[COMMUNIQUÉ] L’Ocean Viking reçoit l’instruction de débarquer 82 rescapés à Lampedusa, en Italie.

Premier navire humanitaire de sauvetage autorisé à débarquer des rescapés vers un lieu sûr en Italie depuis 14 mois.

Le samedi 14 septembre, l’Ocean Viking a été informé par le Centre de coordination des sauvetages en mer (MRCC) de Rome qu’un lieu sûr avait été désigné pour débarquer les 82 rescapés secourus précédemment lors de deux opérations en Méditerranée centrale. Il est prévu que ces personnes soient débarquées et mises en sécurité à Lampedusa, avant d’être redirigées vers plusieurs Etats du continent européen.

SOS MEDITERRANEE, association européenne de sauvetage en mer qui affrète l’Ocean Viking et l’opère en partenariat avec Médecins Sans Frontières, est soulagée qu’une solution ait été trouvée par les autorités italiennes, six jours après le premier sauvetage. Une fois encore, c’est une solution ad-hoc de débarquement des rescapés qui a été mise en place par une coalition de pays du continent européen.
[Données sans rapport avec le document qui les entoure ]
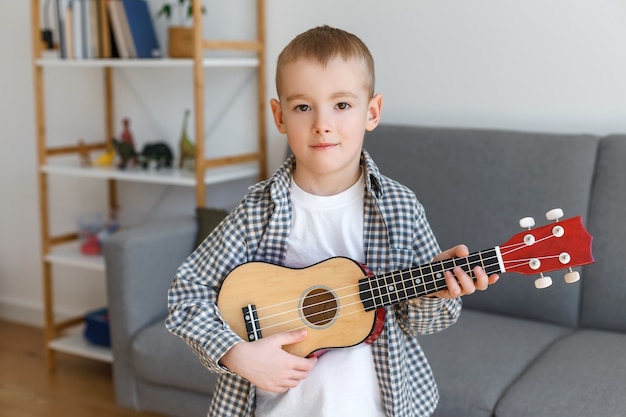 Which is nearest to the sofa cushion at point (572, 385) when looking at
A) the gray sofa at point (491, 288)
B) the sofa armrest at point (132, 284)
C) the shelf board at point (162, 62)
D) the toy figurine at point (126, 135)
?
the gray sofa at point (491, 288)

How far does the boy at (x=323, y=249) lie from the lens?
4.08ft

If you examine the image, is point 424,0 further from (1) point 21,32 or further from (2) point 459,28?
(1) point 21,32

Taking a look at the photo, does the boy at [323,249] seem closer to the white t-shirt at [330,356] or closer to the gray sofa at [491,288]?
the white t-shirt at [330,356]

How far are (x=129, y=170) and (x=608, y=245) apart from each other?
1.66 m

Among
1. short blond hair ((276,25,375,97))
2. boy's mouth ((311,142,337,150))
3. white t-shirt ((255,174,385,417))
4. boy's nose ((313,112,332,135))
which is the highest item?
short blond hair ((276,25,375,97))

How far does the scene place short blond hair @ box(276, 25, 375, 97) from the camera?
4.07 ft

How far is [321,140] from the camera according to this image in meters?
1.24

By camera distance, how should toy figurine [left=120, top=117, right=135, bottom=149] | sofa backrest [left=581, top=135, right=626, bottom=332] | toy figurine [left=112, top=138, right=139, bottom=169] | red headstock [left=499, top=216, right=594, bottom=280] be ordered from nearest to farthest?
red headstock [left=499, top=216, right=594, bottom=280], sofa backrest [left=581, top=135, right=626, bottom=332], toy figurine [left=112, top=138, right=139, bottom=169], toy figurine [left=120, top=117, right=135, bottom=149]

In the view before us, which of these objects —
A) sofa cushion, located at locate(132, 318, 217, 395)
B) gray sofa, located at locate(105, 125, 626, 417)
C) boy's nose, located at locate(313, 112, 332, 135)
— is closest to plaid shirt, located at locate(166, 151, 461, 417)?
boy's nose, located at locate(313, 112, 332, 135)

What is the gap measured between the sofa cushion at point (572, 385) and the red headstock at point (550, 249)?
56cm

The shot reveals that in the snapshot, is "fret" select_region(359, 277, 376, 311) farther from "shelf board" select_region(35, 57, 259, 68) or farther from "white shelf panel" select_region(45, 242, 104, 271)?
"white shelf panel" select_region(45, 242, 104, 271)

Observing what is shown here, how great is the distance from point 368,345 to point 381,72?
4.95ft

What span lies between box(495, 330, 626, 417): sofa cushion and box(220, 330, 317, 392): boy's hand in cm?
66

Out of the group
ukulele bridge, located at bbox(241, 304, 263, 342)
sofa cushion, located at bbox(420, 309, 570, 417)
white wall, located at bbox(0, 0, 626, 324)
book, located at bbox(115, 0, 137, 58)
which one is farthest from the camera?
book, located at bbox(115, 0, 137, 58) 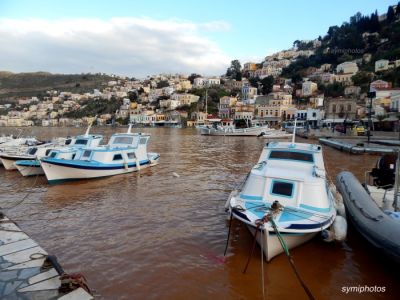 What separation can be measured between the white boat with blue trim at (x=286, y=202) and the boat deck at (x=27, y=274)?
4350mm

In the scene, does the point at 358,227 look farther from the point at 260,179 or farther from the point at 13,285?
the point at 13,285

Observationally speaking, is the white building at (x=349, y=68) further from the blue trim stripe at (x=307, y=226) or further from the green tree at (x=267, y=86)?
the blue trim stripe at (x=307, y=226)

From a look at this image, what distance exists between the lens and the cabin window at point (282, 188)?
9320 mm

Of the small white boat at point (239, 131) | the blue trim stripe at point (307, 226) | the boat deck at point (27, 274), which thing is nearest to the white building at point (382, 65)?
the small white boat at point (239, 131)

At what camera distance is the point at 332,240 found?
362 inches

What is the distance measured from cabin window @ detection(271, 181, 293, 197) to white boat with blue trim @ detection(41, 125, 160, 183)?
40.3 feet

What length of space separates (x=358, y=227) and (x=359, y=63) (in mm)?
143926

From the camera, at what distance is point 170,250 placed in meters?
9.39

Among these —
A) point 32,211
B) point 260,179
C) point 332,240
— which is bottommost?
point 32,211

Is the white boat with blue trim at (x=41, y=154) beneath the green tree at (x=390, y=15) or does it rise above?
beneath

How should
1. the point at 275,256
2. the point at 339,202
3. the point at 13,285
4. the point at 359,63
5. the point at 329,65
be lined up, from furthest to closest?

« Cette désignation d’un lieu sûr qui réponde aux critères du droit maritime est une bonne nouvelle », a réagi Nicola Stalla, coordinateur des sauvetages à bord de l’Ocean Viking. « Mais il n’est pas acceptable d’attendre plusieurs jours, voire plusieurs semaines parfois, pour débarquer les rescapés. Il est urgent que les Etats du continent européen établissent un mécanisme concerté, stable et pérenne qui garantisse le débarquement des rescapés dans des lieux sûrs », a-t-il déclaré.
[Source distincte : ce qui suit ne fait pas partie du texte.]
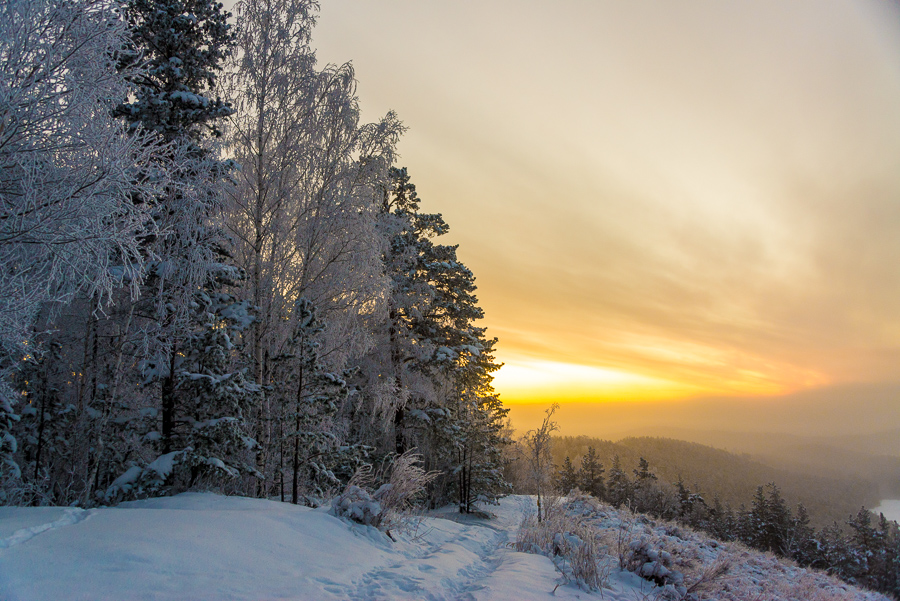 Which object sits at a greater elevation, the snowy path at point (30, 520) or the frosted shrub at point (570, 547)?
the snowy path at point (30, 520)

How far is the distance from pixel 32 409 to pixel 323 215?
7.88 metres

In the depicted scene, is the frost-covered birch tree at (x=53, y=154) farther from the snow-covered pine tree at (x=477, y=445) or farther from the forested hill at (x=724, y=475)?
the forested hill at (x=724, y=475)

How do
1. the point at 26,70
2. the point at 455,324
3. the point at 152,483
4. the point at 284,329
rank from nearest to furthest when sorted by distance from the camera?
the point at 26,70 → the point at 152,483 → the point at 284,329 → the point at 455,324

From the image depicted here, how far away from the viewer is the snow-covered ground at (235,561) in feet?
9.84

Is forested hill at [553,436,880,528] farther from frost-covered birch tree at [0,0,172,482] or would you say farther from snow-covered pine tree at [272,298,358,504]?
frost-covered birch tree at [0,0,172,482]

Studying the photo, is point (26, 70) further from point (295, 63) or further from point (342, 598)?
point (295, 63)

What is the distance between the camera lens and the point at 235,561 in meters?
3.70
« Il est en effet encourageant de constater que plusieurs Etats du continent européen, dont l’Italie, ont finalement réussi à mettre en place une solution pour les personnes secourues par l’Ocean Viking. La Suisse pourrait se montrer solidaire de ces Etats en participant au mécanisme de répartition. Elle se montrerait ainsi à la hauteur de sa tradition humanitaire en nous aidant à sauver des vies en mer », ajoute Caroline Abu Sa’Da, directrice générale de SOS MEDITERRANEE Suisse.
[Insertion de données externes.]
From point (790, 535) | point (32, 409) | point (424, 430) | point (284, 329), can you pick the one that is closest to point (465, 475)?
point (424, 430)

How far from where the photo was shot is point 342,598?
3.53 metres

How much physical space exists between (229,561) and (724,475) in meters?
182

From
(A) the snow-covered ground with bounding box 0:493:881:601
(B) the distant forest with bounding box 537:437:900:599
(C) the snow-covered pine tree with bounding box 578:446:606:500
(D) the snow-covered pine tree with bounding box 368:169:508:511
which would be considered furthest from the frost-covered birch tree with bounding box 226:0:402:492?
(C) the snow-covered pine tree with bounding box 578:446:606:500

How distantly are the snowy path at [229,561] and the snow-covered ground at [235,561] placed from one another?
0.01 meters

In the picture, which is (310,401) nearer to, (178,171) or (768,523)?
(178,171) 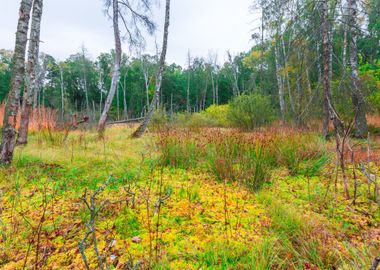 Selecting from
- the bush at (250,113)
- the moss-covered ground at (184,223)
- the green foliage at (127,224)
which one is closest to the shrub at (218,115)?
the bush at (250,113)

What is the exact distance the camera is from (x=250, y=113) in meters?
9.38

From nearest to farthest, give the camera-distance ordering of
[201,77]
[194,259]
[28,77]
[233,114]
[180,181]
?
[194,259]
[180,181]
[28,77]
[233,114]
[201,77]

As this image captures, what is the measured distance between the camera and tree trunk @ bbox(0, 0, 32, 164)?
285 cm

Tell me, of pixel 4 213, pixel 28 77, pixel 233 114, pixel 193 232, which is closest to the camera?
pixel 193 232

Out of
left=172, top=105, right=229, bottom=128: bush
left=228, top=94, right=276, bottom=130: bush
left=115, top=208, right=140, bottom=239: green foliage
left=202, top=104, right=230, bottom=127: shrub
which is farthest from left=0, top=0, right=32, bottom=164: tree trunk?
left=202, top=104, right=230, bottom=127: shrub

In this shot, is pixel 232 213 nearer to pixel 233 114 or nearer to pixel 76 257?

La désignation d’un lieu sûr répond à des critères stricts selon le droit international. Les personnes secourues doivent être débarquées sans délai, dans un lieu où leur intégrité physique et leurs besoins fondamentaux sont garantis.

SOS MEDITERRANEE réitère son appel aux Etats européens pour qu’ils préservent nos valeurs d’humanité et qu’ils apportent les réponses adéquates à la crise humanitaire qui perdure en Méditerranée.

Alors qu’en juin 2018, l’Aquarius affrété par SOS MEDITERRANEE et opéré en partenariat avec Médecins Sans Frontières, était le premier navire humanitaire à subir la fermeture des ports italiens, les instructions reçues par l’Ocean Viking de la part du MRCC de Rome ce jour sont un signal encourageant. Pour SOS MEDITERRANEE, l’assistance aux personnes en détresse doit être placée, quelles que soient les circonstances, au-dessus de toute considération politique.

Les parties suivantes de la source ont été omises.